Have a question about this project? Sign up for a free GitHub account to open an issue and contact its maintainers and the community.

By clicking “Sign up for GitHub”, you agree to our terms of service and privacy statement. We’ll occasionally send you account related emails.

Already on GitHub?
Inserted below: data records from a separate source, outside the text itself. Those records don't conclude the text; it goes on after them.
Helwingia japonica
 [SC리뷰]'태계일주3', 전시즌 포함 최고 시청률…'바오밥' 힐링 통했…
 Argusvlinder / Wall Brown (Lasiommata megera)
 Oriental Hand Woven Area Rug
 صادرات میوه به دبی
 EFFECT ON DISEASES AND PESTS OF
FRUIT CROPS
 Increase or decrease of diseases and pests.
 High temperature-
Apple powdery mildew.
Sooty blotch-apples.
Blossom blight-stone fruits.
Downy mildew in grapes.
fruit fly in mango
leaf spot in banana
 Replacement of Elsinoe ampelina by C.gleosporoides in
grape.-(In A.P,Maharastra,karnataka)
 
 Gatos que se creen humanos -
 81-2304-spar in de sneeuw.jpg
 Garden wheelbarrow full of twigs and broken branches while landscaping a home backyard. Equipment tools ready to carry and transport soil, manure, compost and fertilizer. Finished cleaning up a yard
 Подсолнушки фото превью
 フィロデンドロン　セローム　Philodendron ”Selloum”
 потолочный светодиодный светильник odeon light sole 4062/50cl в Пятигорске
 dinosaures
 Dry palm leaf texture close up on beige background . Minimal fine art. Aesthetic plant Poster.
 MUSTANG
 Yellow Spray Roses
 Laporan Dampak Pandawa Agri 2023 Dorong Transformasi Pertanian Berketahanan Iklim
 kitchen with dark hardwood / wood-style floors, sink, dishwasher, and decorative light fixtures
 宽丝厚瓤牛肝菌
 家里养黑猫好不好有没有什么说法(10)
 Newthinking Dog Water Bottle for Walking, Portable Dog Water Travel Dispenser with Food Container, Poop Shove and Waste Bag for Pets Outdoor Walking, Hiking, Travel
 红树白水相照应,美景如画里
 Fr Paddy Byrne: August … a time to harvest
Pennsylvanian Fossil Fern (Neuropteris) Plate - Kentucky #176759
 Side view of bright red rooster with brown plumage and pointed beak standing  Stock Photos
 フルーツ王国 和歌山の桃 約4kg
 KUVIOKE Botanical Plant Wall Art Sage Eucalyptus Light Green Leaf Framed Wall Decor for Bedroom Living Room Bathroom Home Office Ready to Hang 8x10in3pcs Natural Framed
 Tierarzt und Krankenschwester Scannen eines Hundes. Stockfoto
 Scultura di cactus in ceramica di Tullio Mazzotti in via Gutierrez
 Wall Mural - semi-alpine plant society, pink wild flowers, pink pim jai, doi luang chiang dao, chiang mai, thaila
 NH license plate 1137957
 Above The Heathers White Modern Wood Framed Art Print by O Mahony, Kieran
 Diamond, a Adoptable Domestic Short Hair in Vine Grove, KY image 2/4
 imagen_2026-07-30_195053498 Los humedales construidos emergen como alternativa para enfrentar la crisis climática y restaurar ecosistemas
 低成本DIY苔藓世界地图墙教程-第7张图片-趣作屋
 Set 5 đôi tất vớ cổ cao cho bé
Sign in to your account

Installing in a Alpine VM error #1387

Closed
MichelDiz opened this issue Feb 5, 2020 · 18 comments
Closed

Installing in a Alpine VM error #1387

MichelDiz opened this issue Feb 5, 2020 · 18 comments
Assignees
Milestone

Comments

@MichelDiz
Copy link

MichelDiz commented Feb 5, 2020

Version:

k3s version v1.17.2+k3s1 (cdab19b0)

Os details:

localhost:~# cat /etc/os-release
NAME="Alpine Linux"
ID=alpine
VERSION_ID=3.11.3
PRETTY_NAME="Alpine Linux v3.11"
HOME_URL="https://alpinelinux.org/"
BUG_REPORT_URL="https://bugs.alpinelinux.org/"

Describe the bug
It is not a bug, I guess (Maybe a support?), the issue is that the installation failed.
I just wanna install k3s in a VM before mount any hardware structure.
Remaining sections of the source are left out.